The economic and climate-change imperative
Australia is the world’s largest exporter of alumina and the industry is the country’s sixth-largest export earner, valued at $12.7 billion in 2019-20, and employing more than 22,000 people.
It also accounts for around 20% of Australia’s direct, non-electricity (Scope 1) manufacturing emissions, or 11 million tonnes of greenhouse gas emissions each year.
The MVR technology “has the potential to be a game changer for the aluminium industry,” said Angus Taylor, Federal Minister for Energy and Emissions Reduction, in a statement announcing the initiative, adding that it “could reduce total domestic emissions by up to 1.5% in future.”
It makes sense for the local industry to distinguish itself as a producer of green aluminium, which is already becoming sought after in supply chains for the automotive industry.
German car manufacturing giant, BMW, recently contracted with Emirates Global Aluminum for an annual 43,000 tonnes of aluminium produced using solar energy.
Bloomberg noted that this was “among the first times that consumers and producers agreed to pay a premium on aluminum with a smaller carbon footprint… The sales indicate that some consumers are willing to pay more for greener aluminum.”
Feasibility first, then it’s full steam ahead
ARENA is contributing $11.3 million towards the $28.2 million project, which will be conducted in two stages.
An initial dual-stream feasibility study will: investigate the technical feasibility and commercial viability of integrating MVR powered by renewable energy in Australian alumina refining processes and consider the commercialisation pathway to retrofit the technology at existing alumina refineries; and complete a detailed assessment for implementation of a full scale 3 megawatt (MW) MVR module at Wagerup.
If the project proves a good fit, it will lead to Stage 2: detailed design, procurement, execution, deployment, integration, commissioning and operation of a full-scale 3 MW MVR module that will be powered by renewable energy, and integrated with the evaporation step of alumina refining.

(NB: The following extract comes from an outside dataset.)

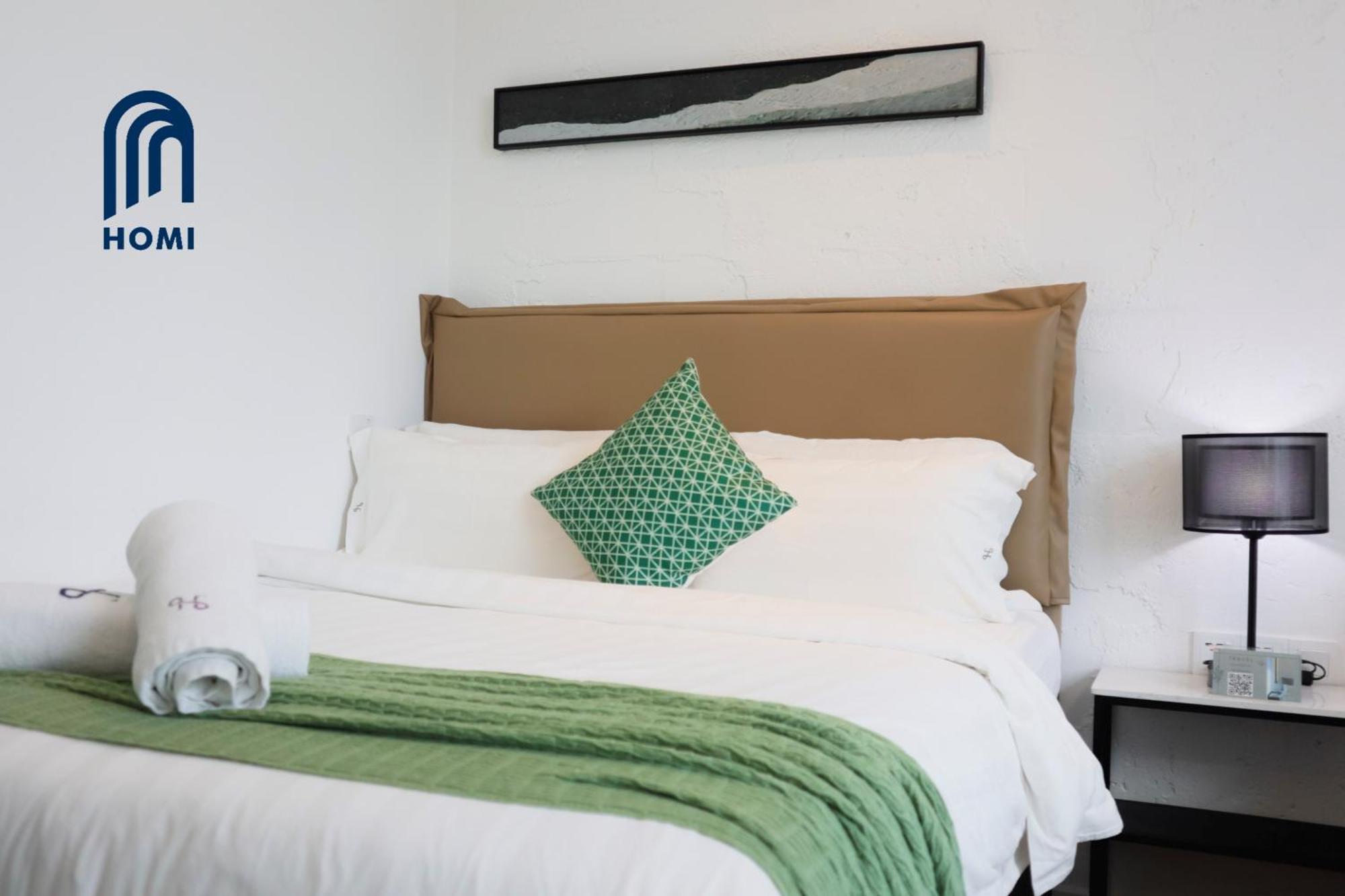Homi Oasis 和逸绿洲 Hotell Kota Kinabalu Eksteriør bilde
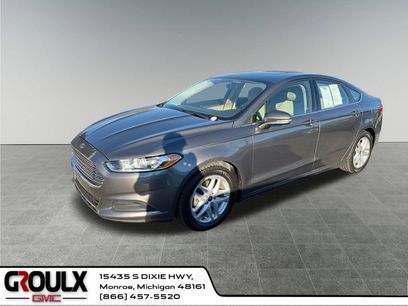 Used 2014 Ford Fusion SE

ARENA says on its project web page that, “Demonstrating successful operation of the technology for evaporation could enable its use to be extended to other process duties, further displacing fossil fuels.”
The construction phase of this Wagerup module is expected to create 25 jobs, but far more significant is the potential to secure those 22,000 positions in an industry that could become more viable and competitive in the context of the global energy transition and consumer demand for greener products.
Miller said, “It’s great to see companies like Alcoa take the initiative to create a pathway to reduce their emissions in what is an energy-intensive, hard-to-abate process.”